We’ve all seen the TV shows and films where there's a Christmas dilemma but everything comes right just in time for the family to be together and realise how much they love each other.
And while that makes for a wonderful feel-good film, it’s not always realistic. Yes, we love our families but that doesn’t mean that spending time with them is smooth sailing.
Whether it’s the family you were born into or the one you married into, there will always be touchy subjects that you need to navigate with as much diplomacy as you can muster!
Do you feel obliged to buy presents for aunts and uncles you barely see once a year? Does your other half expect you to buy gifts for their nieces and nephews? And who has the time to buy separate, thoughtful, beautifully-wrapped gifts for each person in their family?
It’s not practical and at a certain point, it’s wasteful and bad for the environment. Instead, make a family decision to draw names so that you just have one person to buy for and cap the spending limit to suit everyone involved.
2. Attending parties
Do you and your partner have different approaches to festive events? If one of you is a party animal and the other would prefer to be curled up in front of Netflix, find a compromise that suits you both.
Attend two events rather than four and agree that if you stay late at one, you can leave the other one at eleven!
3. Where to spend Christmas Day
The simple thing here is to do every second Christmas between your family and your partner’s family. However, things get more complicated when you have children and/or just want to stay in your own home.
It might not be what you want to hear but in this case, honesty is the best policy. Explain why you want to stay in your own home and arrange for shorter visits in the days after Christmas or in the New Year.
You never know, your parents and in-laws might be delighted with the arrangement! You won’t know until you have the chat.
4. Sulking children
We’ve all heard the stories of children demanding ridiculously expensive presents for Christmas only to be found hours later playing with the box it came in. Or throwing a tantrum if they don’t get exactly what they want from Santa.
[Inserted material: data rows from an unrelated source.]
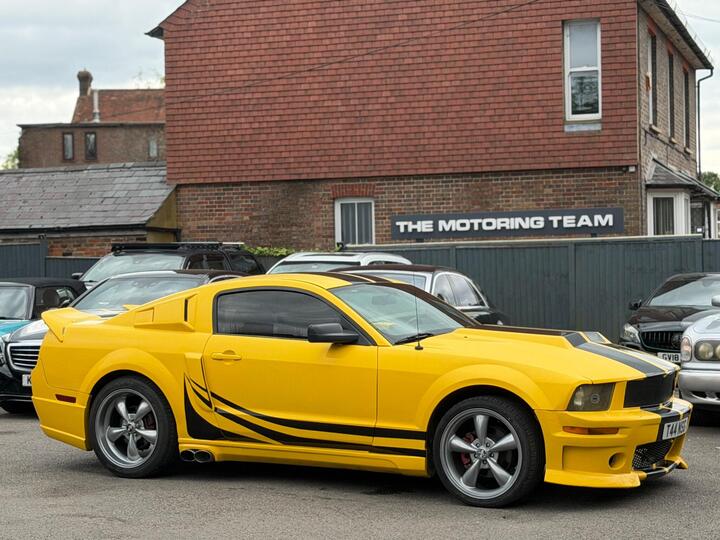 Ford Mustang GT 4.6 V8 COUPE AUTOMATIC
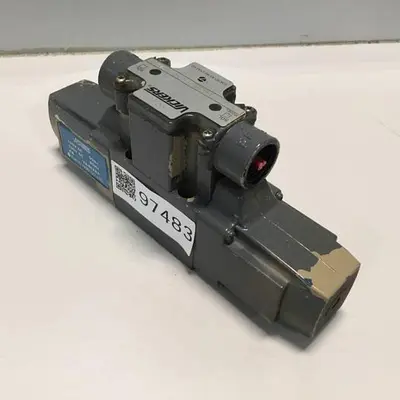 USED VICKERS DG4V36CPLT10JAS329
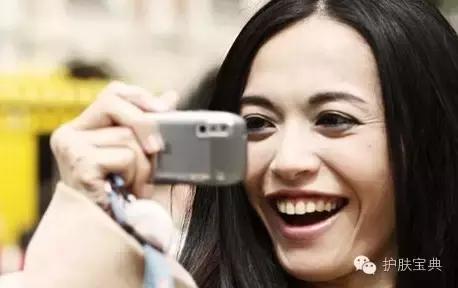 女生会在意男生的抬头纹,有一天突然发现自己有了抬头纹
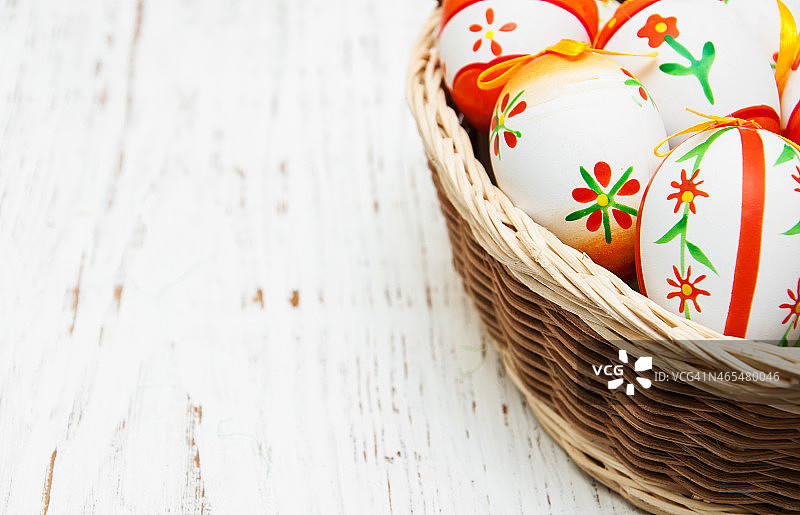 篮子里有复活节彩蛋图片素材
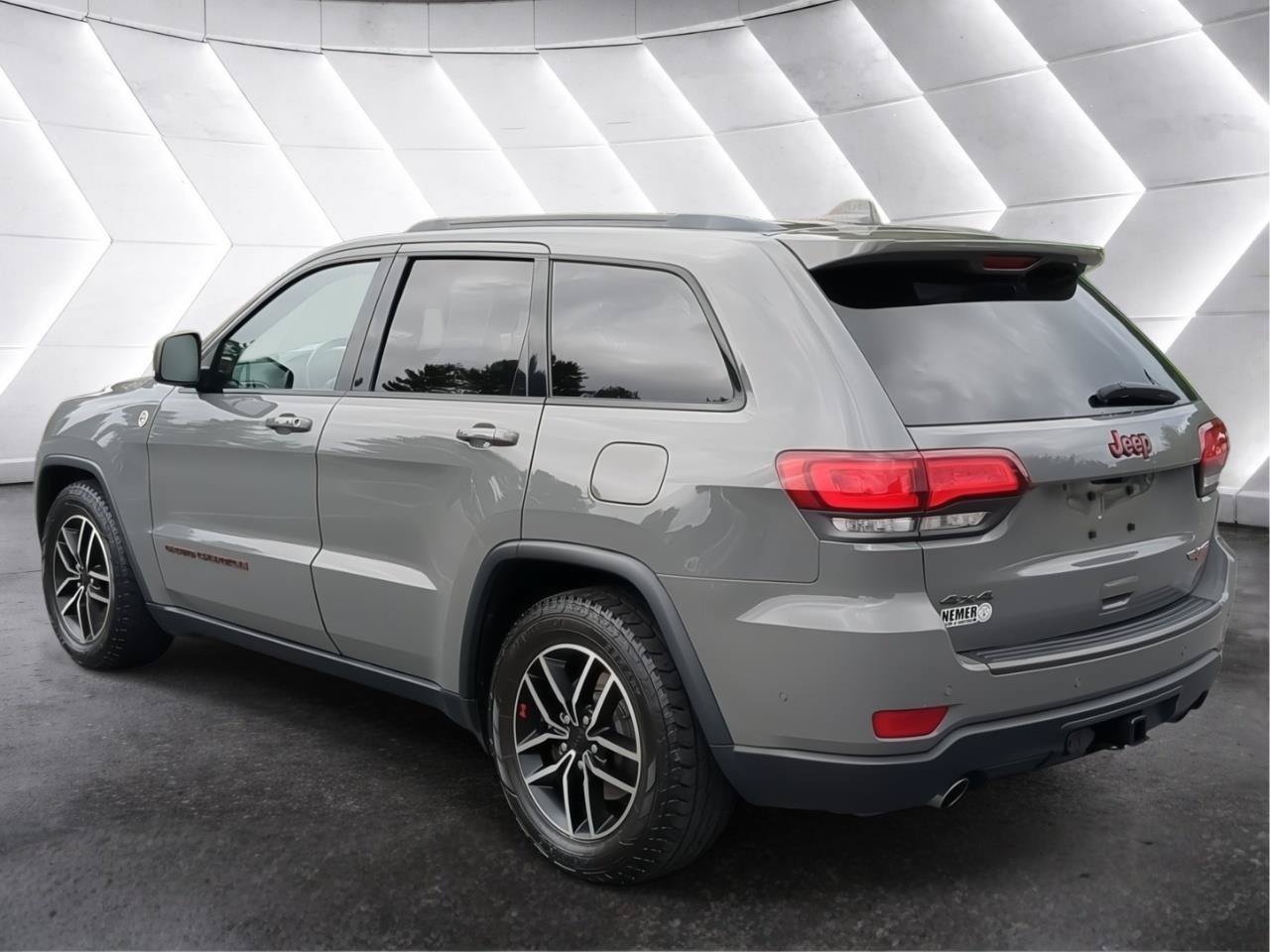 Used 2021 Jeep Grand Cherokee Trailhawk w/ Trailhawk Luxury Group AWD/4WD image 4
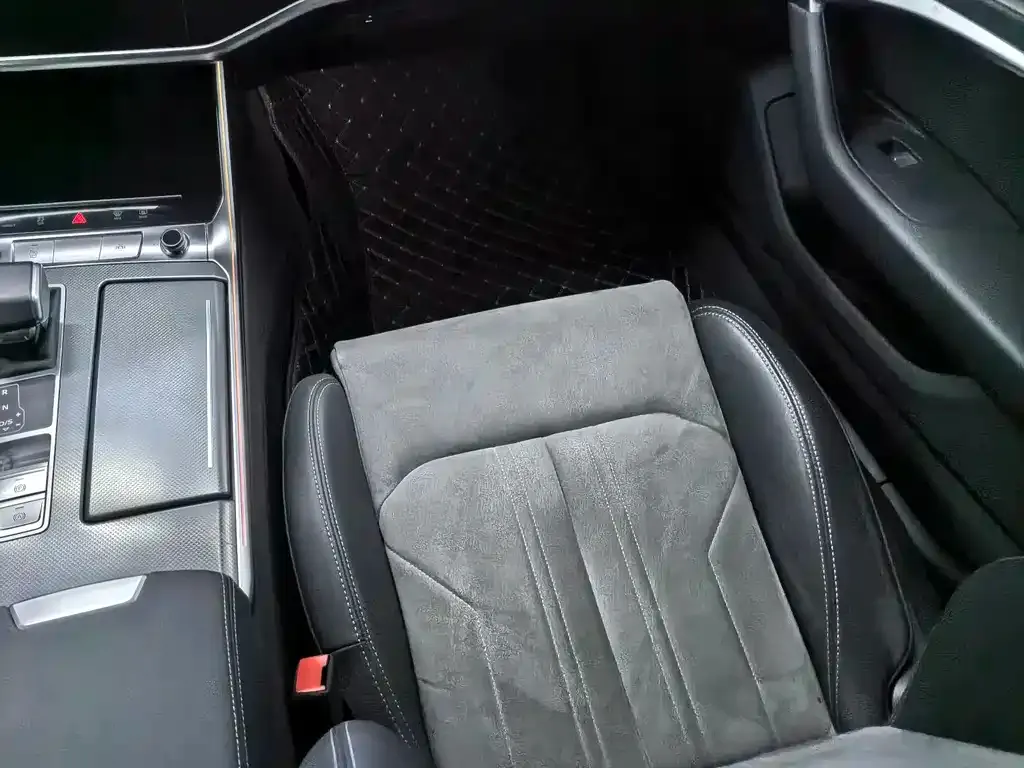 Audi A6L 2024 из CN, фото 3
If you’re unhappy with your child’s attitude or worry they’re becoming ungrateful, take them volunteering for the day.
It could be at an animal shelter, a soup kitchen or, if there’s nothing like that near you, show them videos of how people help each other at Christmas. Hopefully, it will put their desires in perspective when they see others in need of basic things like food and shelter.
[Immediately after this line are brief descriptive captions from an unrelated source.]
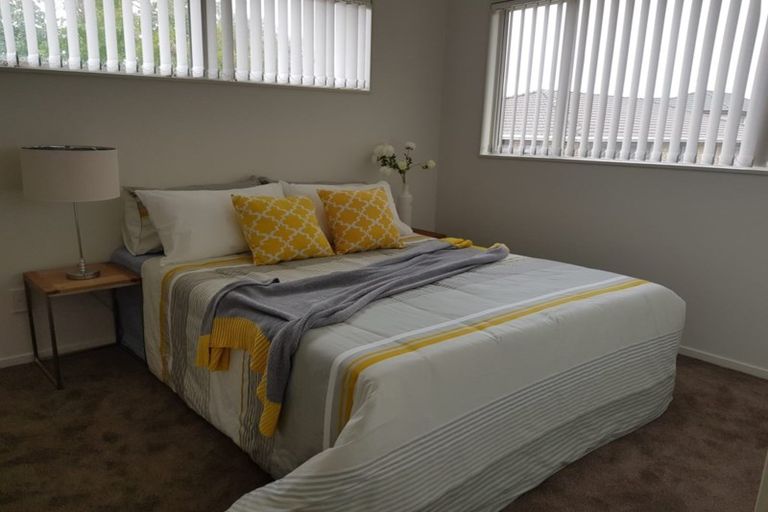 Photo of property in 9 Birchlea Rise, Goodwood Heights, Auckland, 2105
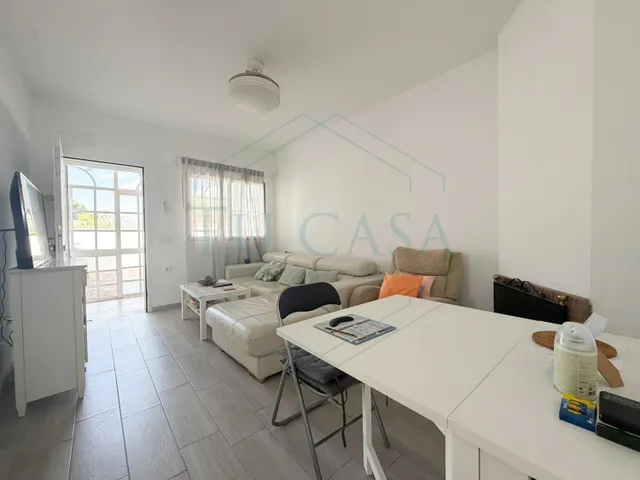 Estupendo chalet independiente con piscina en La Rana Verde — 10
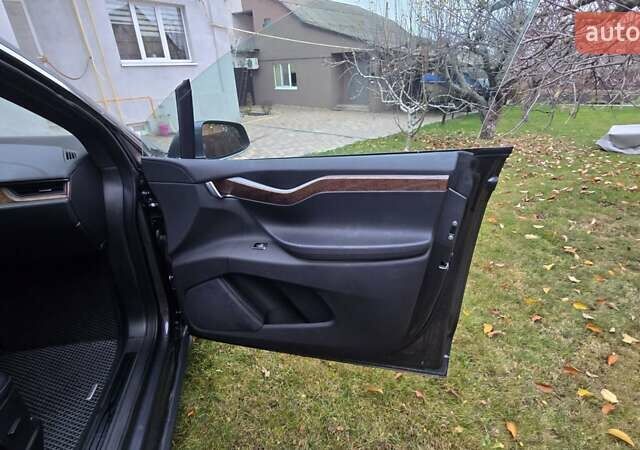 Серый Тесла Модель Х, объемом двигателя 0 л и пробегом 48 тыс. км за 33500 $, фото 25 на Automoto.ua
5. Spending time with people you don’t really like
When it comes to Christmas time, it’s almost guaranteed that you will end up spending time with people you’d rather not.
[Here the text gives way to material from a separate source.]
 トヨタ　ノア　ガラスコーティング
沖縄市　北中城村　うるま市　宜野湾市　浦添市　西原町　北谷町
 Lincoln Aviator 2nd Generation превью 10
It could be your irritating sibling, a cantankerous uncle, your posh in-laws or that one friend of your partner’s who you find utterly obnoxious.
The trick is to keep the timeframe in your mind – it’s just one week, one event, one meal. You can get through that. Sit beside the person you get on with best, keep the conversation light, enjoy the food and with any luck, you’ll be back in the comfort of your own home before you know it!